This is the story of a 4,000-mile / 6,400-km trail of footprints from Seattle to New Orleans, via deserts, mountains, and winding rivers.  This diagonal walk across the United States followed on my walk across Europe in 2011, and grew out of my interest in how people deal with space, distance, and geography.  I hope you find the notes and other media on this site interesting, or even useful if you’re contemplating a similar walk yourself.

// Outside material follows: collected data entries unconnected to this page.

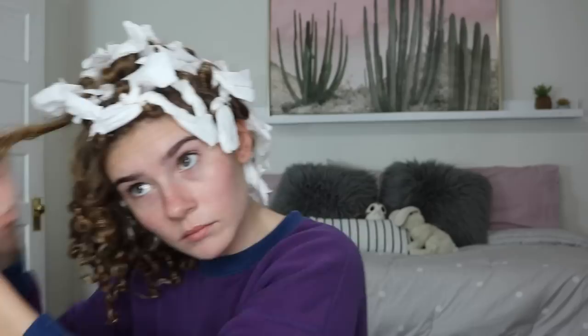Alrighty, you guys. I am fresh out of bed, and now I'm just going to start taking these out. Hopefully they're all dry. Oh my gosh, it's going to be so good. Oh dear. Yes. That shrinkage though.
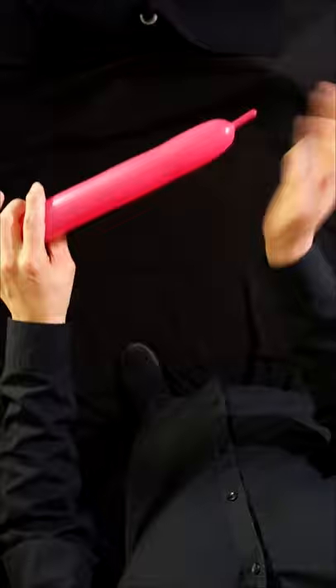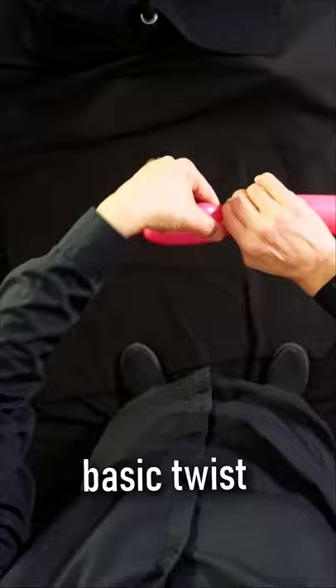Inflate your balloon, leaving about an inch of uninflated end. Starting with the nozzle, we're gonna make a basic twist of about two to three inches. Remember to pinch and twist. Move the hand over and hold.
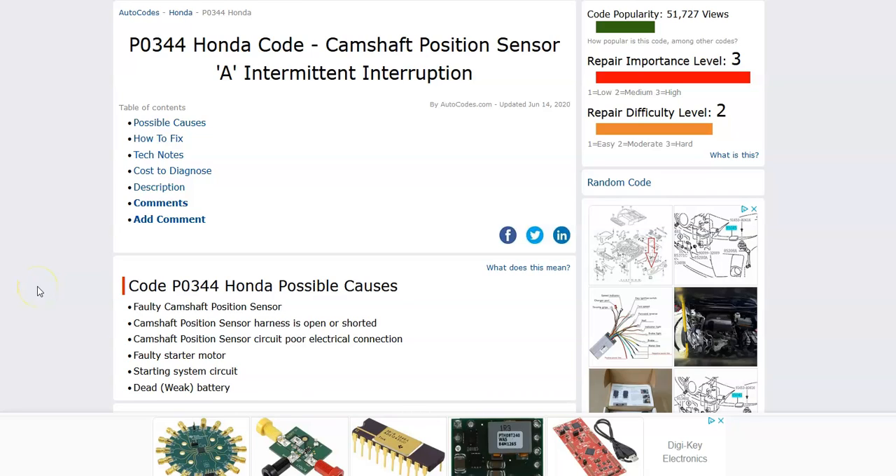Hello all. Today I'm talking about a Honda with the P0344 code — what it is and how you go about fixing it. So what is a Honda P0344 code?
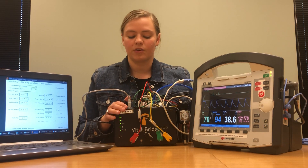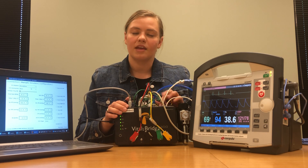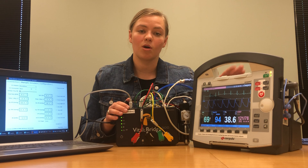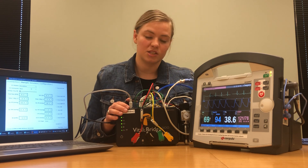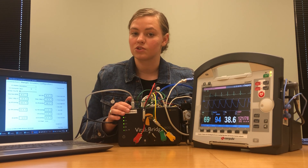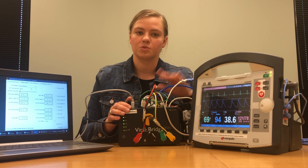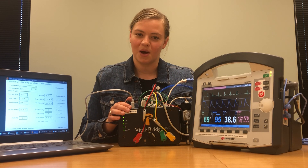The VitalsBridge 300 also supports invasive blood pressures on some patient monitors. Unfortunately the Core Pulse patient monitor is not supported with invasive blood pressure readings, so you cannot connect invasive blood pressure readings from your VitalsBridge to your Core Pulse patient monitor.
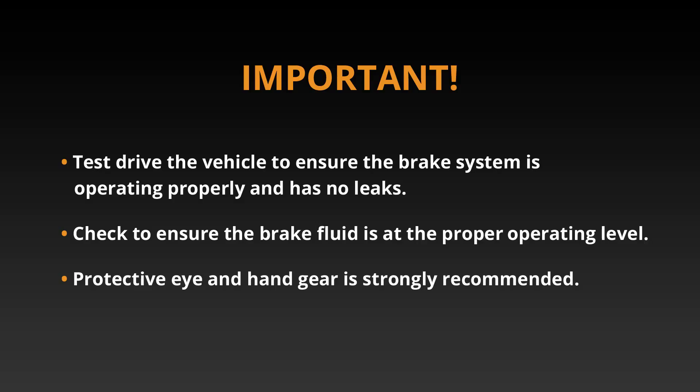Test drive the vehicle to ensure the brake system is operating properly and has no leaks. Check to ensure the brake fluid is at proper operating level. Protective eye and hand gear is strongly recommended.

My journey was part adventure and part research project.  I’m curious how a country as big as the United States is logistically tied together, and I’m curious how transportation and communication technologies affect our sense of place.  These issues are especially fundamental to life in the American West, and have been for as long as people have lived in the region.  Because I’ve found that walking provides a valuable ground-level perspective, I decided to explore the West’s transit landscape on foot.  Along the way, I recorded material for a Kickstarter-funded video documentary combining my own traveling experiences with stories from Western transit history and conversations with residents of the West who help to move people, goods, and signals across the region – from horsepackers and television broadcasters to airport developers and telephone technicians.  I owe these people, and the many others who helped me in the course of my journey, a tremendous debt of gratitude.

This website may periodically get a little dusty as I hammer all of this material into shape, but I hope you’ll bear with me as I sort through the bounty of a long and fruitful expedition.